The general problem is to simulate the behavior of the CPU by «running» the instructions and keeping track of the cycles and changes to the X register.

The particular problem for Part A is to compute the product of the cycle number times the contents of register X on cycles 20, 60, 100, 140, 180 and 220, and add them up.

Main Program

The main program is pretty much the same as Day 1.

However, Part B turned out different, because it returned a multi-line String that needs to be presented using putStrLn instead of print.

Loading instructions

Simple lazy list parsing and a data type is all we need.

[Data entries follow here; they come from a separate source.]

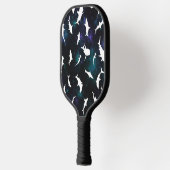 Haai vis witte schaduw op donkere galaxy Space Pickleball Paddle (Links)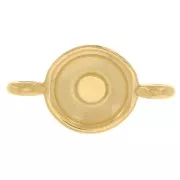 17.5x9mm Round spacer with epoxy resin - fine gold Plated - Silver Glitter x1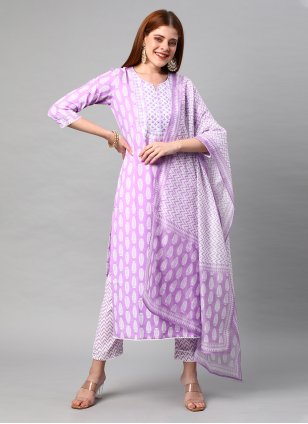 Purple Rayon Dangler Trendy Salwar Kameez
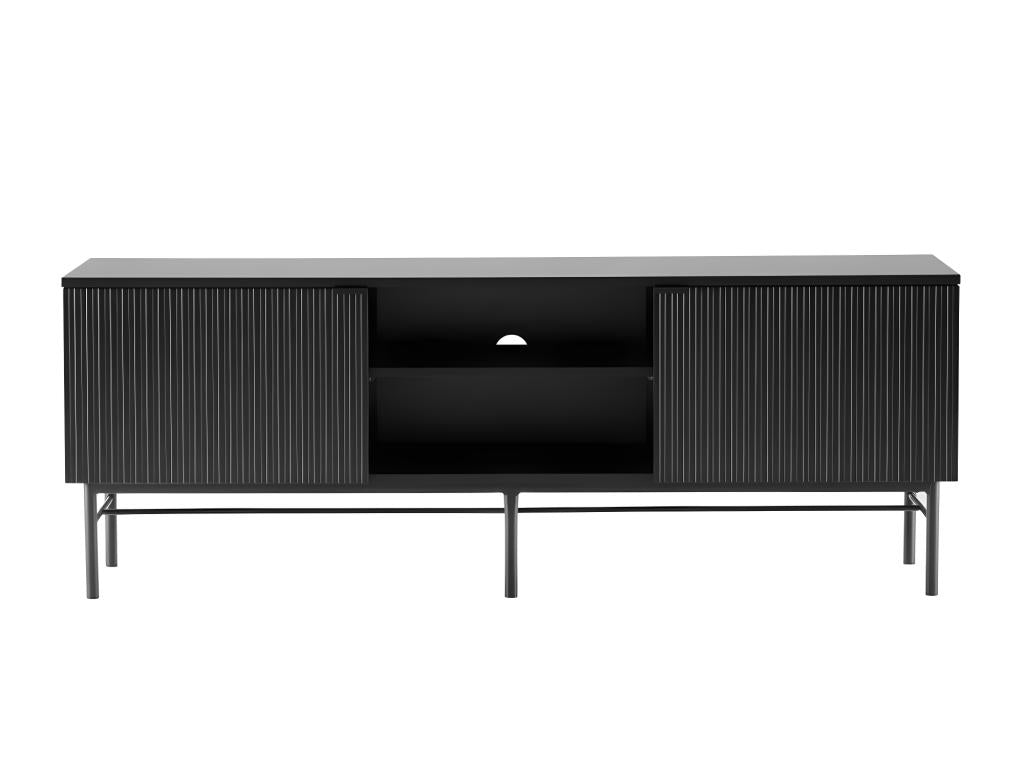 Luxameub - TV stand with 2 doors and 2 shelves in wood and metal, 150cm wide - Black ZWJV36900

Let's start with an INST data type to model CPU instructions and a function to parse the corresponding String into a value of INST, i.e.

    data INST = NOOP | ADDX Int
              deriving (Show,Eq)

    toINST :: String -> INST
    toINST "noop" = NOOP
    toINST inst   = ADDX $ read $ snd $ tail <$> break (==' ') inst

As long as the instruction is on a line of its own without the newline, we can use toINST. The ADDX case is mildly interesting: breaking on the lone space will produce a tuple with both parts, and we fmap on the second one to remove the leading space, before extracting and reading as an Int.

Now, in order to get our arbitrarily long input into a [INST] we use lines to split the input getting rid of the newlines, and apply toINST to every element of the list.

    loadProgram :: String -> [INST]
    loadProgram = map toINST . lines

Modeling the CPU

The CPU can be modeled with a simple data type

    data CPU = CPU { x :: Int
                   , c :: Int
             deriving (Show)

and the initial state as a constant value

    initialCPU :: CPU
    initialCPU = CPU { x = 1
                     , c = 0

Modeling the machine

There are many ways to model an abstract virtual machine. The one I chose is aligned with what the problem statement requests, my intuition regarding what could've been asked for Part B, and my experience writing translators, interpreters, and compilers.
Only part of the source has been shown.